Policy makers, regulators, and supervisors in countries like these where digital financial inclusion expands exponentially see the financial inclusion promise clearly. Yet they pause at the fast changing risk picture. Digital financial inclusion is introducing new market participants and allocating roles and risks – both novel and well known – among them and the legacy players in new and sometimes unexpected ways.

Raising awareness of these dynamics was a primary motivation for the Second GPFI Conference on Standard-Setting Bodies and Financial Inclusion: Standard Setting in the Changing Landscape of Digital Financial Inclusion, hosted by the Financial Stability Institute at the Bank for International Settlements (BIS) in Basel, Switzerland, 30–31 October 2014. The video, which opened the event, sought to demonstrate to representatives of the GPFI and the six participating financial sector standard-setting bodies – the Basel Committee for Banking Supervision, the Committee on Payments and Market Infrastructures, the Financial Action Task Force, the International Association of Deposit Insurers, the International Association of Insurance Supervisors, and the International Organization of Securities Commissions – that they share a common interest in understanding the seismic implications of digital financial inclusion, including both the promise and the changing risks.

In welcoming participants to the groundbreaking gathering, Jaime Caruana, General Manager of the BIS was clear on this point: “The implications for standard-setting bodies of technology-enabled connectivity among retail customers are exciting, yet also cross-cutting.
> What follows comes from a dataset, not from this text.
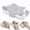 Gray, variant on EDX 24 x 16 inch Cervical Ergonomic Pillow - Memory Foam Neck Pain Relief for Side/Back/Stomach Sleepers, Grey
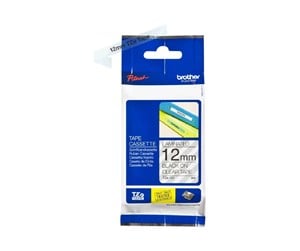 Printertilbehør blekk/toner - Brother TZ-131 - black on clear- Roll (1.2 cm x 8 m) - Printer tape - TZ-131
The discussions today and tomorrow are likely to highlight that banking and retail payments can no longer be seen as separate domains – nor are they the exclusive province of traditional players such as universal banks. The often specially tailored products in savings, credit, insurance and investment – even micro-pensions – that are already reaching low-income households via innovative digital transactional platforms pose new questions, and even challenges, to all the standard setters in the room.”